Differenz von 371 Einwohner zwischen Zensus und Meldeamt. Aus Furcht vor zusätzlichen Kosten legt die Kommune Widerspruch gegen die Zahlen aus dem Jahr 2011 ein.

Ahrensburg. "Ja, wir haben auch Widerspruch eingelegt", sagt Wolfgang Böckmann (CDU), stellvertretender Bürgermeister von Barsbüttel. Die Gemeinde ist eine von mehr als 70 in Schleswig-Holstein, die jetzt Widerspruch gegen die Zahlen des Statistikamtes Nord eingelegt haben. Der Grund: Die Ergebnisse des Zensus 2011, der jüngsten Volkszählung der Bundesrepublik, haben für einige der Gemeinden im Land eine Zurückstufung der Einwohnerzahl zur Folge. Diese kann weitreichende Konsequenzen haben: Hat eine Gemeinde offiziell weniger Einwohner, werden ihr womöglich Zahlungen gekürzt, oder es muss Geld zurückgezahlt werden.
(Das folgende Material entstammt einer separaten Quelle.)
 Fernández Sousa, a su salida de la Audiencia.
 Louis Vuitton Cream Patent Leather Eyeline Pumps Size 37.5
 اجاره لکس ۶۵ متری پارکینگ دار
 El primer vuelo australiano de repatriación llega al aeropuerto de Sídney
Deutschlandweit klagen nun Kommunen gegen die Zahlen, die Ende Mai dieses Jahres veröffentlicht wurden. In Barsbüttel ist die Differenz zwischen den Zahlen des Zensus 2011 und denen des Meldeamtes auffällig hoch. Geht der Zensus von 11.850 Einwohnern aus, so listet das Amt in seinen Dateien 12.221 Einwohner. Die Bevölkerungsfortschreibung des Statistikamtes hatte sogar 12.399 Einwohner errechnet. Die Differenz zu den neuen Zahlen beträgt minus 4,4 Prozent.
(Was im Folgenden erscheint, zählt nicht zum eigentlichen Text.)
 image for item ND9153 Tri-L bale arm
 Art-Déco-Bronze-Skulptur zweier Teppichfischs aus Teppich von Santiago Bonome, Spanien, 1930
Bevor die Zensus-Zahlen bestandskräftig werden, nutzte Barsbüttel nun noch die bis Ende kommender Woche laufende Einspruchsfrist. "Eine fristwahrende Geschichte" nennt Wolfgang Böckmann den Vorgang deshalb auch. "Die Widersprüche sind eigentlich normaler Bestandteil des Verwaltungsablaufs", erklärt Claudia Zempel vom Städteverband Schleswig-Holstein. Für die Gemeinden ist der Widerspruch wichtig, denn sollten die Zensus-Zahlen bestandskräftig werden, sind sie die Grundlage für alle finanziellen Zuwendungen. In welchem Maße finanzielle Einbußen etwa Barsbüttel verkraften müsste, ist noch unklar.
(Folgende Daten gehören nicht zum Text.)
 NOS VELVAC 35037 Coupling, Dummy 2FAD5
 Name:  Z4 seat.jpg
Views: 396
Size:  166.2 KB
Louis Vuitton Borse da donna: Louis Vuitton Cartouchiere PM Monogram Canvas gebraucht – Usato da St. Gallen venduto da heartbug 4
Die Differenz zwischen den eigenen Zahlen, die nah an denen der Fortschreibung liegen, und den Zahlen des Zensus, kann man sich hier nicht erklären. "Es ist schwer vorstellbar, warum so viele Menschen nicht hier wohnen sollten", sagt Holger Strehl, zuständiger Fachbereichsleiter aus Barsbüttel. "Die Zahlen des Zensus sind für uns nicht plausibel."

Im Fachbereich Öffentliche Sicherheit, Soziales und Bürgerbüro wird auch die Meldedatei Barsbüttels gepflegt. "Wir haben zum Beispiel nur wenige Wahlbenachrichtigungskarten zurück bekommen", sagt Strehl. Anhand dieser und anderer Faktoren werden die Dateien aktualisiert.

Nun also der Widerspruch. "Er hat eine aufschiebende Wirkung", sagt Claudia Zempel. Das heißt, um die Unstimmigkeiten zwischen Zensus und Gemeinden zu klären, ist jetzt noch Zeit. "Zeit für Ursachenforschung."

Im August möchte sich das Statistikamt Nord mit den klagenden Gemeinden an einen Tisch setzen. "Wir begrüßen den Dialog sehr", sagt Holger Strehl. Dann soll geklärt werden, wie die Zahlen zustande gekommen sind. Strehl: "Die Berechnung würde ich gern vermittelt bekommen." Dazu sagt Christian Böse vom Statistikamt Nord: "Das Verfahren ist ziemlich komplex."

Die letzte Volkszählung gab es 1987. Auf den damals gesammelten Daten beruhte die sogenannte Bevölkerungsfortschreibung.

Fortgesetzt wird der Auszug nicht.